Un brave et excellent artiste, très connu et très aimé du public parisien d'il y vingt-cinq ans, le baryton Raynal, s'est éteint cette semaine obscurément, en laissant sa veuve dans une situation des plus précaires. Raynal avait fait d'heureux débuts au Théâtre-Lyrique en 1858, et c'est à lui que, l'année suivante, M. Gounod avait confié dans son Faust le rôle si intéressant de Valentin, qu'il avait créé de la façon la plus intelligente. Pendant plusieurs années il tint une place importante dans le répertoire, et les habitués du Théâtre-Lyrique l'avaient pris en véritable affection. Cependant, un beau jour, il partit pour la province, n'ayant pas été réengagé, et alla tenir son emploi dans diverses grandes villes. Mais l'âge arriva, et avec lui la fatigue de la voix ; l'artiste brillant d'autrefois n’était plus lui-même, et, pour comble de malheur, ses pauvres petites économies disparurent dans une mauvaise affaire. M. Carvalho recueillit alors Raynal à l'Opéra-Comique, où dans ces dernières années il était réduit à jouer quelques coryphées sans importance.

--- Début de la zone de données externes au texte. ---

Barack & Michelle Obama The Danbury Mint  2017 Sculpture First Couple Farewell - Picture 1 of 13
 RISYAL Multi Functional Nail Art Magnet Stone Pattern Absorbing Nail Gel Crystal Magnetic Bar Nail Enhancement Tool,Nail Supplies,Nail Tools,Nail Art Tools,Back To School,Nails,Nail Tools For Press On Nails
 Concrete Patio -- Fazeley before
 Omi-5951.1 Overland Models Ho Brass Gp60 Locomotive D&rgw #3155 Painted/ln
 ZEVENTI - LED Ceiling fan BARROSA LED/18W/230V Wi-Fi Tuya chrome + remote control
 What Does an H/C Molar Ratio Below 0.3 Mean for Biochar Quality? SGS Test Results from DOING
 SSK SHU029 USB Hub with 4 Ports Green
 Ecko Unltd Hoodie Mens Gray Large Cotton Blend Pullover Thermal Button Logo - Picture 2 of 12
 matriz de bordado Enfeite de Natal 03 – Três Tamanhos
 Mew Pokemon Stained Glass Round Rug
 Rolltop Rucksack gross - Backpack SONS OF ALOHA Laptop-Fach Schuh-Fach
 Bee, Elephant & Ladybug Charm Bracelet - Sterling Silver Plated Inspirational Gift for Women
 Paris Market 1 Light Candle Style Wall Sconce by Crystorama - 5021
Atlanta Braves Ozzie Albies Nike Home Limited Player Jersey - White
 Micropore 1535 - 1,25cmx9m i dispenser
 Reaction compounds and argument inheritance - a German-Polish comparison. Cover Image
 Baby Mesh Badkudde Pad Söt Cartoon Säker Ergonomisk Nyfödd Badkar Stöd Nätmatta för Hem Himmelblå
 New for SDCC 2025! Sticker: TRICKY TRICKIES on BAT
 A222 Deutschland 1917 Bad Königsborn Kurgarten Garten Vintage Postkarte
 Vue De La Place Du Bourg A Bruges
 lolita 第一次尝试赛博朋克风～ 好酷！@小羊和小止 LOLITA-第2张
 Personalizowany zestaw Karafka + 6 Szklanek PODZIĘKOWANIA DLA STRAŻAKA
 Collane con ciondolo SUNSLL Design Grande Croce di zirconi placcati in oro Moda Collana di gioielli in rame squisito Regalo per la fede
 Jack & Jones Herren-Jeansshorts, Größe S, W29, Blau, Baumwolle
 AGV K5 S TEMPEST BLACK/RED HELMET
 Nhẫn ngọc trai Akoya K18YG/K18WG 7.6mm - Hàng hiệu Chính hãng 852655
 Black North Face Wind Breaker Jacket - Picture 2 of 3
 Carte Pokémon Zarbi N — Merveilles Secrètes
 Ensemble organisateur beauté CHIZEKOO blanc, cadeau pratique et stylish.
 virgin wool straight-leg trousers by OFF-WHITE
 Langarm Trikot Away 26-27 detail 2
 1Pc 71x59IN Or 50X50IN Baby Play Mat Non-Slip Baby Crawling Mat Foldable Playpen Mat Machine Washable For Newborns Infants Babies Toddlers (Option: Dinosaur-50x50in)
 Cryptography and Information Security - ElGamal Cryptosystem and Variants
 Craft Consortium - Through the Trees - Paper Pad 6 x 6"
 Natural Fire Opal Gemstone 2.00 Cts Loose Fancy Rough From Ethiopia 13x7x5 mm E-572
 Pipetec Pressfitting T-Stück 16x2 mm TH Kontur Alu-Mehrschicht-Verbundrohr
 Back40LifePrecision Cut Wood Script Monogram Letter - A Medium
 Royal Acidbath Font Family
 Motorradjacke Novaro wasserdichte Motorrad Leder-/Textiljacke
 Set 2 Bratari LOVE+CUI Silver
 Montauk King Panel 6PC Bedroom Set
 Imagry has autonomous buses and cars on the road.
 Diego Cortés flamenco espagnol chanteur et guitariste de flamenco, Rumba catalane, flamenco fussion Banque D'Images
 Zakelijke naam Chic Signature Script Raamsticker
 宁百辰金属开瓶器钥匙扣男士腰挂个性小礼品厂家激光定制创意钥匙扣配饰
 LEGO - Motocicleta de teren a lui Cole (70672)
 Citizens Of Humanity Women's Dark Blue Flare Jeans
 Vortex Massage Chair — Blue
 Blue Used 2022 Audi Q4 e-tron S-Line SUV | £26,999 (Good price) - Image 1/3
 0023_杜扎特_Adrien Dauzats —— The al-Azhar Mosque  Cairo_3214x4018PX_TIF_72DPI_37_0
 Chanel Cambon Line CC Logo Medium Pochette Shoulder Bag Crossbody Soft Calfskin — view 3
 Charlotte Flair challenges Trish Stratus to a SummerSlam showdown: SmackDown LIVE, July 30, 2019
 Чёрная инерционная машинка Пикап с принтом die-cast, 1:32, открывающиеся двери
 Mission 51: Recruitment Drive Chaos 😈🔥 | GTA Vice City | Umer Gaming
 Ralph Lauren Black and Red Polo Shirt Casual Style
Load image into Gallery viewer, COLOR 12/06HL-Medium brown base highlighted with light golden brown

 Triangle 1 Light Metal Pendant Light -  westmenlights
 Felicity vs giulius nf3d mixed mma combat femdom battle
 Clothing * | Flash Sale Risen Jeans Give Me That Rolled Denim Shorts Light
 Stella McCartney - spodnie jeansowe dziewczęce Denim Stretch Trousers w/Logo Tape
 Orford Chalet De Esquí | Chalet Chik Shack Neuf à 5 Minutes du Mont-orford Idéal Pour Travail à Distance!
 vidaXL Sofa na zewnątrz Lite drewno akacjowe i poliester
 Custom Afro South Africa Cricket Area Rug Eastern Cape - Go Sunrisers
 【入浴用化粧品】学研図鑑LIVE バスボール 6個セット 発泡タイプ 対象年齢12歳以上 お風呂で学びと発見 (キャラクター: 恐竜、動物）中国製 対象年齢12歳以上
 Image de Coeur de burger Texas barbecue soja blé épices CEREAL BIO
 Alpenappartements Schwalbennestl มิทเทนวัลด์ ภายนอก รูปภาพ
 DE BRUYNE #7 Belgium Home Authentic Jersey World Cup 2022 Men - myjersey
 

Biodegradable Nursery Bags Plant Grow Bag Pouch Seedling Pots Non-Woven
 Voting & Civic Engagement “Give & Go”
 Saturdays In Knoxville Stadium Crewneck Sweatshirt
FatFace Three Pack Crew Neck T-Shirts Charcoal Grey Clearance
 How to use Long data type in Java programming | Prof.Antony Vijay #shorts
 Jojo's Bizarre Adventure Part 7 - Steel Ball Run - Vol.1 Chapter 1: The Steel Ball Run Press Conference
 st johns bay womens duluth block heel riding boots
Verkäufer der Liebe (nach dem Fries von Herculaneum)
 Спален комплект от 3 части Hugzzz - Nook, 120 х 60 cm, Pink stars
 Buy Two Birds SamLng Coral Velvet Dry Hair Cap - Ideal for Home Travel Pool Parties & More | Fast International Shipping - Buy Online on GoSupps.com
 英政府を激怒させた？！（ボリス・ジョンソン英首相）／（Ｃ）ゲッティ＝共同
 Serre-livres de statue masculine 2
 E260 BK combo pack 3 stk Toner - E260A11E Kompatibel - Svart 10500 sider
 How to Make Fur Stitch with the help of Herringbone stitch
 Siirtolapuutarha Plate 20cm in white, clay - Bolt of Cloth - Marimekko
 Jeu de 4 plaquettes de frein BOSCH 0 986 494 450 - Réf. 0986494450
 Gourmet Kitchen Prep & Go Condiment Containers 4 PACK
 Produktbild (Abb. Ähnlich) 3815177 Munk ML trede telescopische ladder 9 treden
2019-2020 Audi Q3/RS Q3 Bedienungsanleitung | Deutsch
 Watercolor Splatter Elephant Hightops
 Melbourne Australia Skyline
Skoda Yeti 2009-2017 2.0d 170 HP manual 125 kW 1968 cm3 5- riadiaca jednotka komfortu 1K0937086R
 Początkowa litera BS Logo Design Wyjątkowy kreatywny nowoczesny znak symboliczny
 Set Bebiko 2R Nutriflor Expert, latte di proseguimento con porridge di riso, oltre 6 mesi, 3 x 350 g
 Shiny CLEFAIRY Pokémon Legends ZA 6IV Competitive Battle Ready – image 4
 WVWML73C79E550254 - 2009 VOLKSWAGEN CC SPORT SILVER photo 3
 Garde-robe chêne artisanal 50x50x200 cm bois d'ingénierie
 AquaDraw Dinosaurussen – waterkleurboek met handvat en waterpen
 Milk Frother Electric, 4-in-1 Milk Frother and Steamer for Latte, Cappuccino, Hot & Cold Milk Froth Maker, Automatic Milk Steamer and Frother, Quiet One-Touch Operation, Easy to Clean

(le Ménestrel, 27 septembre 1885)

 

 

Monnaie de Bruxelles, 1853-1854.

Osmond Raynal porté sur le tableau de troupe en qualité de baryton, est le créateur, au Théâtre-Lyrique, du rôle de Valentin dans Faust. Il ne réussit pas, courut la province, et finit par mourir misérablement, en 1885, coryphée à l’Opéra-Comique. Il arriva même, à ce propos, un incident assez curieux : le révolutionnaire Lisbonne « ex-forçat », auteur dramatique et limonadier, qui fonda la Taverne du Bagne, les Pommes de terre frites, etc., était, au moment de la mort de Raynal, directeur d’une scène minuscule, connue à Paris sous le nom de Bobino. Il organisa un « bénéfice » pour la veuve, et fit imprimer, dit-on, des affiches ainsi conçues :

 

Représentation au bénéfice de la veuve de

RAYNAL

MORT DE FAIM

Au service du Théâtre National de l’Opéra-Comique

 

L’autorisation d’un tel affichage fut refusée.

Reynal est remplacé, à la Monnaie, par Carman, déjà connu.